# ODR-1



## Chuck D. Bones

This is the Aion Andromeda, it's a Nobels ODR-1 with a BASS control similar to the Timmy's.  PedalPCB sells the Nobleman, which is an exact replica of the ODR-1.  I wanted the BASS control, and rather than mod a Nobelman, I went with the Andromeda.  Aion makes one other optional mod: the hard clipping diodes can be a single anti-parallel pair, like the stock ODR-1, or four diodes in series-parallel for lighter hard clipping.  I built mine with four hard clipping diodes: 1N4003's & 1N4148s.  I fooled around with some of the other semiconductors, using BA482's for the soft clippers (higher Vf) and LM833s for the opamps (quieter than JRC4558's).  I socketed the opamps in case I want to swap them out.  I subbed a 2N5089 for the 2N5088 because that's what I had. 
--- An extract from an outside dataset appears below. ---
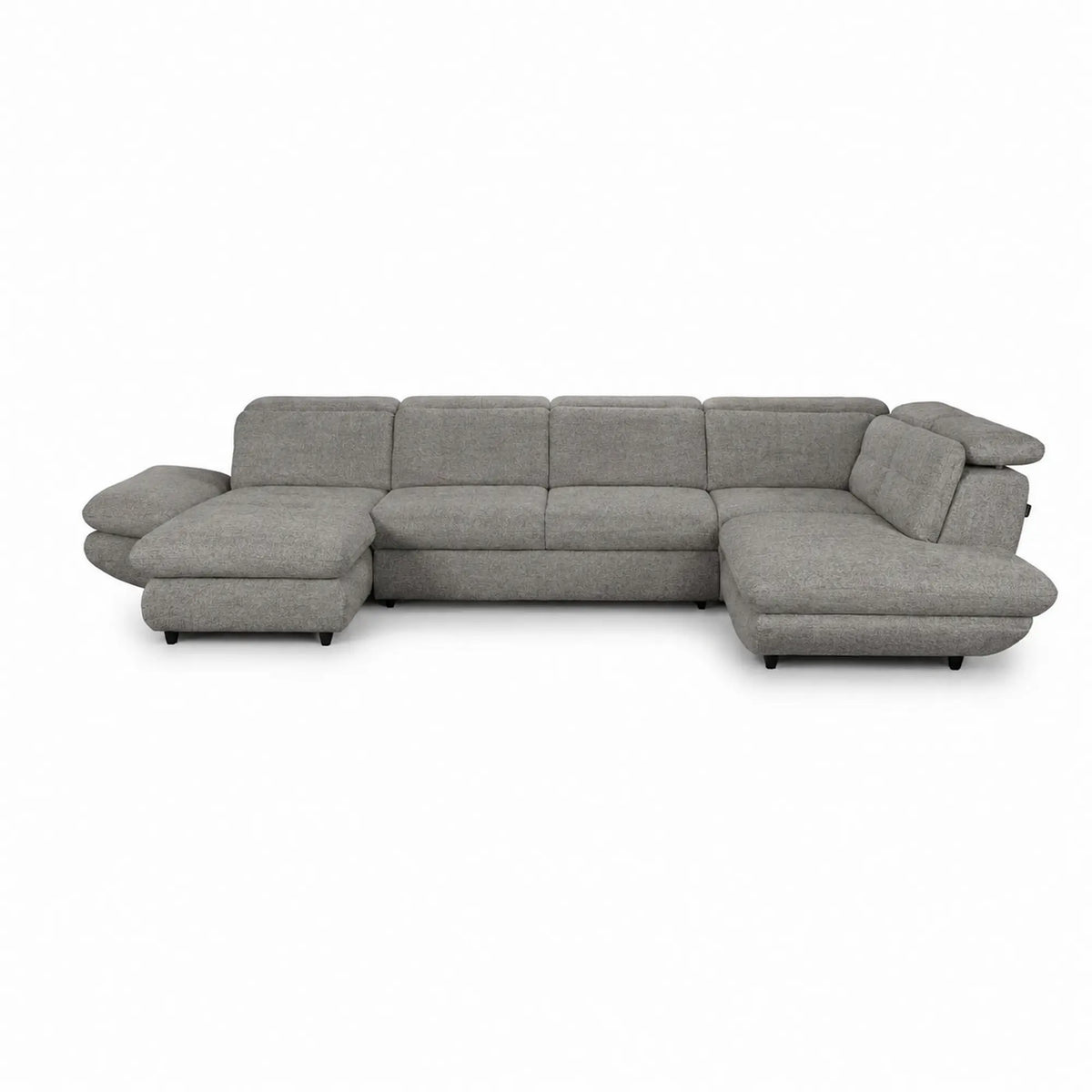 Coltar living SIENA U, sezlong stanga, stofa gri - Frisco G706, 397x234x100 cm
This pedal is a low-gain overdrive, really a dirty boost, in the same league as the Klon Centaur.  Like the Klon, there are ton of parts for tone shaping.  The ODR-1 is known to be quite bassy, in fact Nobels now offers the ODR-1 with a bass-cut switch inside.  Aion went one better and put a BASS pot on the front panel.  The SPECTRUM control is unique. Below noon it's a mild mid boost and above noon it's a mid cut.  Unlike the Klon, there is no charge pump because none is needed.  Unless you put a boost in front of this pedal, there is no way to saturate the opamps.





Note the complete lack of symmetry in the board layout.  Take note HamishR: I went to special pains to align the main board perfectly in the box. ?


----------



## Barry

Has that footswitch been soldered? Great looking build!


----------



## Chuck D. Bones

Yeah, it has.  I checked the pic before posting and I know it doesn't look like it's soldered.  I spot solder on one side of each terminal to minimize the risk of overheating the switch.  It's the side you can't see in this pic.

Thanks!  I love those hammer tone boxes from Tayda.  It's hard to resist using them on everything!


----------



## music6000

Chuck D. Bones said:


> This is the Aion Andromeda, it's a Nobels ODR-1 with a BASS control similar to the Timmy's.  PedalPCB sells the Nobleman, which is an exact replica of the ODR-1.  I wanted the BASS control, and rather than mod a Nobelman, I went with the Andromeda.  Aion makes one other optional mod: the hard clipping diodes can be a single anti-parallel pair, like the stock ODR-1, or four diodes in series-parallel for lighter hard clipping.  I built mine with four hard clipping diodes: 1N4003's & 1N4148s.  I fooled around with some of the other semiconductors, using BA482's for the soft clippers (higher Vf) and LM833s for the opamps (quieter than JRC4558's).  I socketed the opamps in case I want to swap them out.  I subbed a 2N5089 for the 2N5088 because that's what I had.
> 
> This pedal is a low-gain overdrive, really a dirty boost, in the same league as the Klon Centaur.  Like the Klon, there are ton of parts for tone shaping.  The ODR-1 is known to be quite bassy, in fact Nobels now offers the ODR-1 with a bass-cut switch inside.  Aion went one better and put a BASS pot on the front panel.  The SPECTRUM control is unique. Below noon it's a mild mid boost and above noon it's a mid cut.  Unlike the Klon, there is no charge pump because none is needed.  Unless you put a boost in front of this pedal, there is no way to saturate the opamps.
> 
> View attachment 4309
> 
> Note the complete lack of symmetry in the board layout.  Take note HamishR: I went to special pains to align the main board perfectly in the box. ?
> 
> View attachment 4310


Nice Build,  ODR-1 Overdrive. It's my Mates Number 1!!!!
He recently moved back to Perth, Australia but for 5 years lived in Hamburg, Germany & has toured there every year for 20 years.  
The Original designer Bernhard Kurzke is good friends with him & Gave him the ODR-1 & recently the Mini.


----------



## cooder

Nice one! Have to check it out, a classic espeially amongst Nashville studio cats I believe.


----------



## music6000

Chuck D. Bones said:


> I love those hammer tone boxes from Tayda.  It's hard to resist using them on everything!


Oh , I hadn't noticed!!!


----------



## HamishR

Well it's good to see that standards are being adhered to.  I like your idea of using 1N4148s with 1N4003s. I must try that. Did you like the result?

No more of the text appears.